Kodachrome se base sur un article paru dans le New York Times, relatant comment un père et son fils ont traversé une partie des États-Unis afin d’aller faire développer des pellicules dans le dernier laboratoire capable de gérer le kodachrome, avant sa fermeture. C’est le romancier, et par ailleurs scénariste et co-créateur de la série Banshee, Jonathan Tropper qui a adapté cette belle histoire pour en faire un film en forme de road trip axé autour de thématiques relatives à la famille mais pas seulement.
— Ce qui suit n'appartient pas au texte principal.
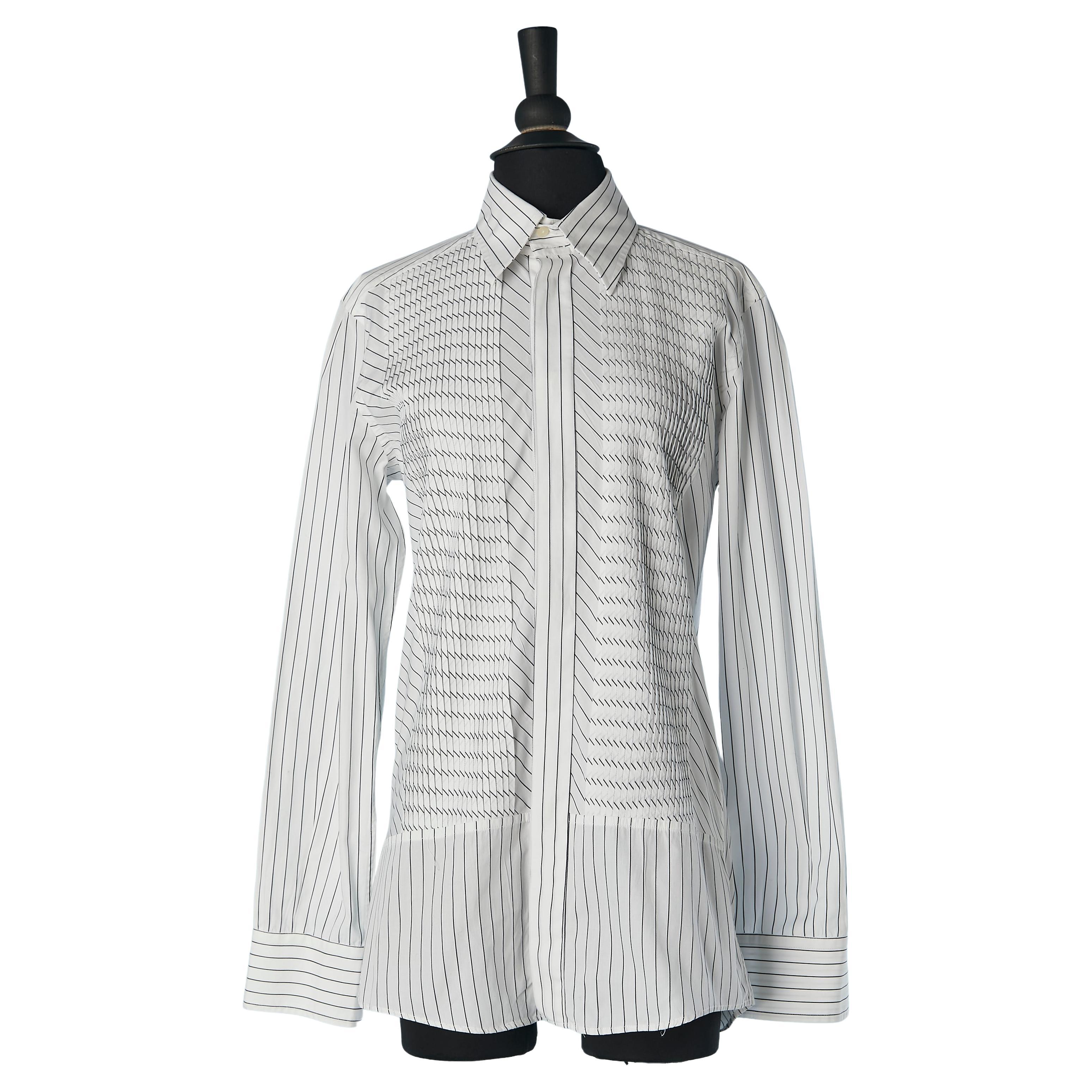 White cotton shirt with black pin-striped and pleated plastron Dolce & Gabbana For Sale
Une œuvre douce-amère portée par une équipe d’acteurs parfaitement choisis et dirigés qui parvient à toucher au vif, sans crier gare…

Instantané de vie

Le postulat de départ de Kodachrome est plutôt original mais son développement l’est beaucoup moins. Attention néanmoins car rien de négatif dans cette constatation. Il s’agit juste de souligner le caractère classique d’une intrigue dans tous les cas remarquablement exploitée et portée par une prose qui évite très justement d’en faire des caisses pour se « contenter » de mettre en valeur des sentiments complexes, en évitant habillement de sombrer dans le pathos. Le fait de voir évoluer ces personnages, parfaitement écrits, a donc, et c’est plus surprenant, quelque chose de profondément authentique. Sans trop s’attacher aux clichés inhérents à ce genre de drame, ni s’en tenir à une dynamique propre au cinéma indépendant typé Sundace, Kodachrome va directement à l’essentiel et fait preuve d’une constance dans son exécution, qui finit irrémédiablement par forcer le respect.
Peu à peu, sans passer en force donc, les protagonistes existent à l’écran et marquent les esprits, illustrant des sentiments, des idées, des regrets et des espérances, qui ont toutes les chances de faire écho chez le spectateur. Que ce soit ce père haï par son fils, le fils en question, dont la vie emprunte une voie de garage, ou encore cette jeune femme dont le dévouement à la mission qui lui a été allouée, favorise l’émergence d’une émotion tangible.

Road trip

Sur la route qui les mène à ce laboratoire capable de développer de mystérieuses photos destinées à une ultime exposition, les personnages de Kodachrome expriment leurs ressentiments. On y parle de la mort et de ses conséquences sur la vie de ceux qui restent, des regrets dont il est parfois difficile de se défaire pour avancer et d’ambition. La notion d’héritage est bien sûr aussi présente, au centre de la relation contrariée de ce père et de ce fils que la vie a séparé, amenés à se retrouver au fil d’une périple en forme d’aventure existentielle.
Sans prétention, avec beaucoup de sensibilité, en s’attachant aux nuances et aux non dits, Jonathan Tropper et le réalisateur Mark Raso ont réussi un petit tour de force. Leur film s’avère tour à tour émouvant et attachant, parfois drôle aussi et toujours pertinent. Au centre forcément, les acteurs livrent des performances admirables. Elizabeth Olsen prouve une nouvelle fois (même si c’était parfaitement inutile), après Wind River, qu’elle est bien cette étoile qui brille au firmament, que Martha Marcy May Marlene avait révélé en 2011. Jason Sudeikis quant à lui, enfonce le clou et démontre qu’il n’est pas qu’un comique. Capable de se faire le réceptacle d’une émotion à fleur de peau, il donne le change à un Ed Harris quant à lui toujours impressionnant. Solide dans sa propension à traduire une véritable détresse, déterminé et charismatique, l’acteur est excellent. Mais là non plus ce n’est pas une surprise. Le truc pourtant, c’est que Kodachrome donne l’opportunité à ces comédiens de prouver leur valeur en cela qu’il n’appelle pas à transgresser les règles de la tragédie douce-amère mais plutôt à les sublimer, tout en les respectant. Ici plus que jamais, ce n’est pas la destination qui compte mais le voyage.

En Bref…
Très sobrement mis en scène par un réalisateur au service de son histoire et de ses acteurs, tous parfaitement en place, Kodachrome brille par la pertinence de son écriture, par la justesse de son ton et par sa faculté à mettre en valeur une émotion jamais forcée. Un road movie touchant, tendre et jamais mièvre qui fait mouche plusieurs fois. Une belle réussite.